So now we have 1) sending to preach, 2) preaching the gospel about Jesus 
Christ, 3) hearing the gospel of Christ, 4) believing in this Christ, 5) 
calling on the Lord Christ for salvation. Let's take them one at a time
and 
apply them to our situation if we can. Let's go backward in the order Paul

does. We'll only cover two of them today.

1. Calling on the Lord

"Everyone who calls on the name of the Lord will be saved" (Romans 10:13).

Why does Paul mention calling on the Lord as something that needs to
happen 
after believing on the Lord? Aren't we justified by faith alone?

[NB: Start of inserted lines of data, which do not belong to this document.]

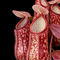 Nepenthes St Gaya (Pitcher Plant)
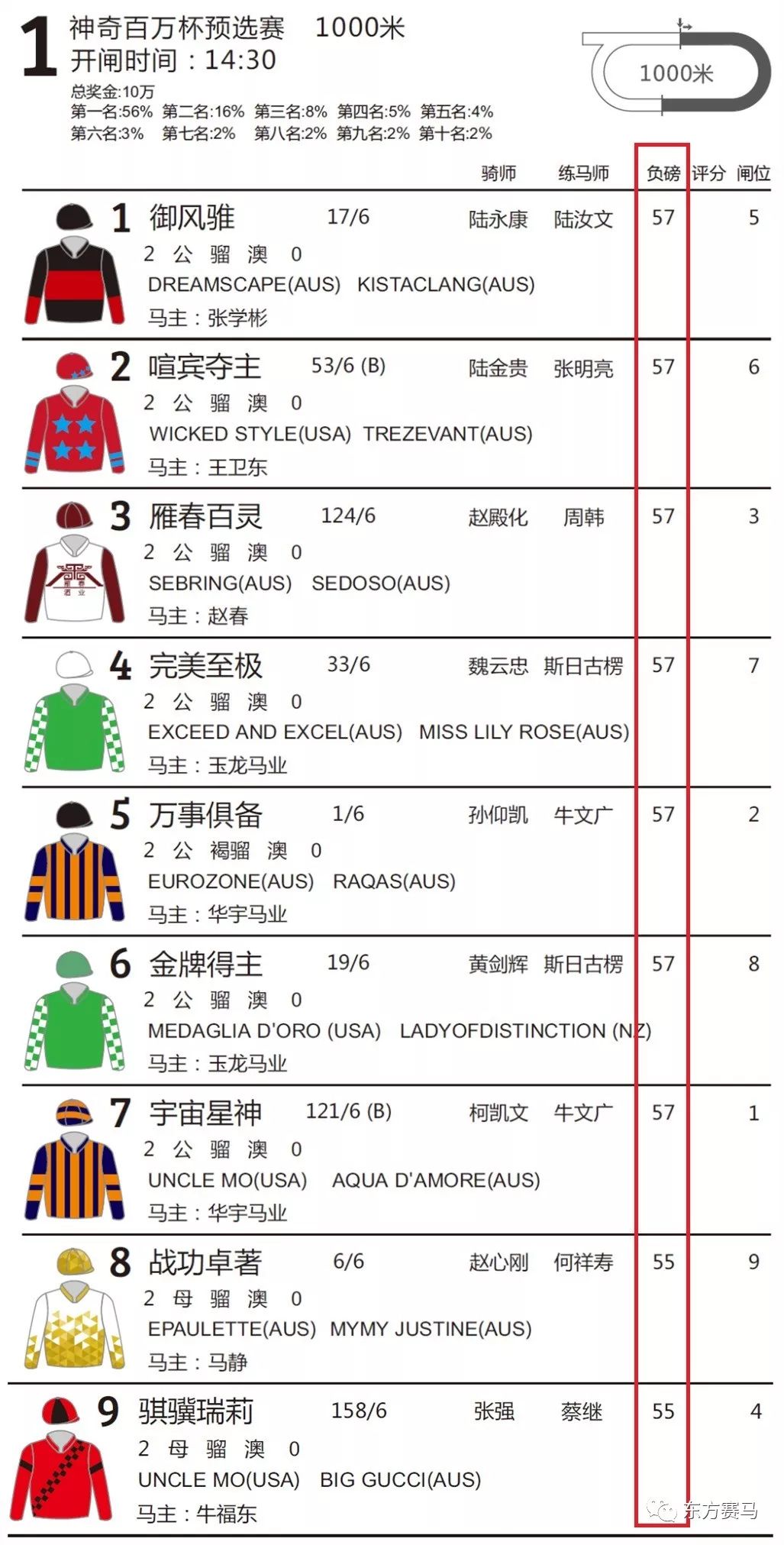 香港今晚开什么特马,香港今晚的马票结果预测与赛马文化深度解析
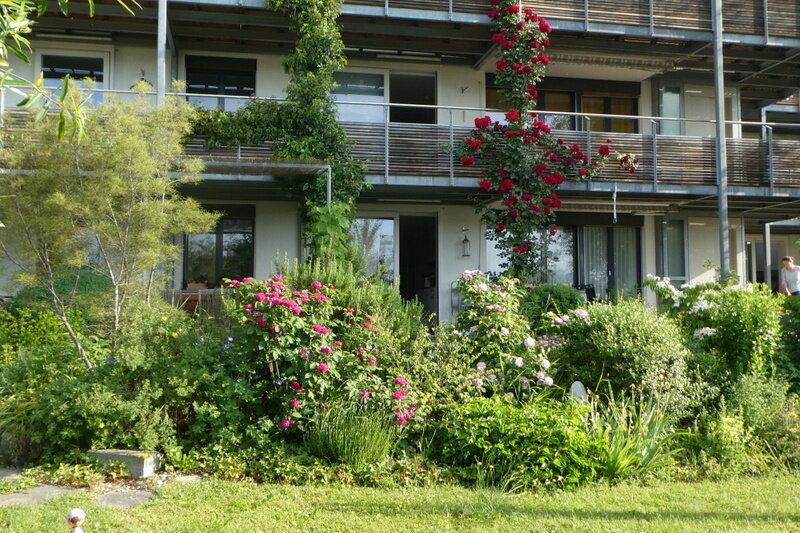 Institution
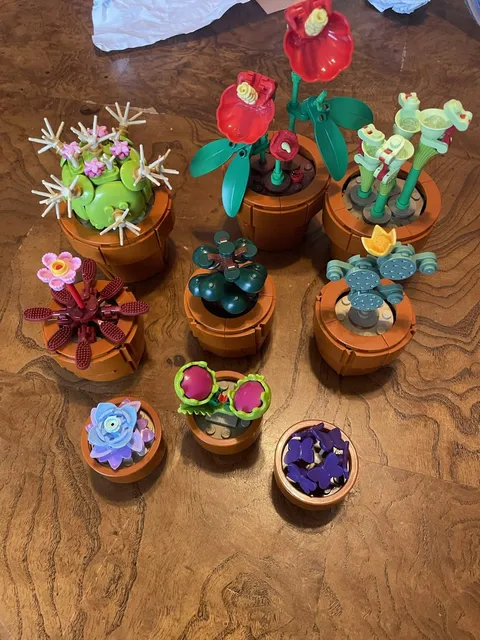 LEGO Botanicals: Tiny Plants (10329) 100% complete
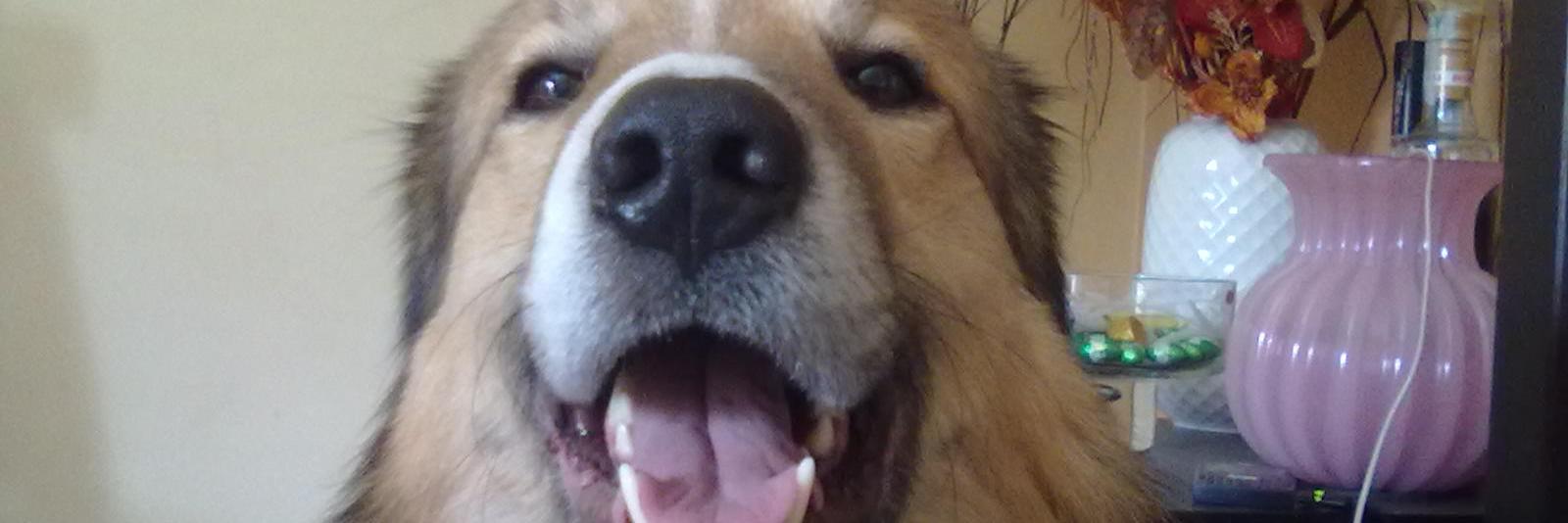 decontentabile's profile banner image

I think the reason Paul mentions "calling on the Lord" in addition to 
"believing on the Lord" is because he has in mind a salvation larger than 
simply justification alone. I think he means the whole experience of 
deliverance not only from the guilt of sin, but from its power and from
many 
temptations and many trials and from hell and the wrath of God in the last

day. God has ordained that we be justified by faith but that we express
that 
faith over and over throughout life, calling on the Lord for deliverance
and 
help in a thousand ways.

You see this again and again in the Psalms, and in the gospels. Psalm
18:3, 
"I call upon the Lord, who is worthy to be praised, and I am saved from my

enemies." Psalm 50:15, "Call upon me in the day of trouble; I will deliver

you, and you shall glorify me." Psalm 91:15, "When he calls to me, I will 
answer him; I will be with him in trouble; I will rescue him and honor
him." 
Psalm 145:18, "The Lord is near to all who call on him, to all who call on

him in truth."

And just one example from Jesus' life. Blind Bartimaeus hears that Jesus
is 
coming and starts calling out, "Jesus, Son of David, have mercy on me!"
And 
Jesus says to him, "What do you want me to do for you?" And the blind man 
said to him, "Rabbi, let me recover my sight." Then Jesus says, "Go your 
way; your faith has made you well" (Mark 10:46-52). So Jesus sees
Bartimaeus' 
calling as an outgrowth or evidence of his faith and even points to the 
faith as decisive.

So Paul sees the issue of salvation here as the total blessing that comes 
from having Jesus as your Lord all through your life and into eternity.
It's 
the salvation of Romans 8:28 - all things working together for our good - 
forever. And he says that this blessing comes through calling on the Lord.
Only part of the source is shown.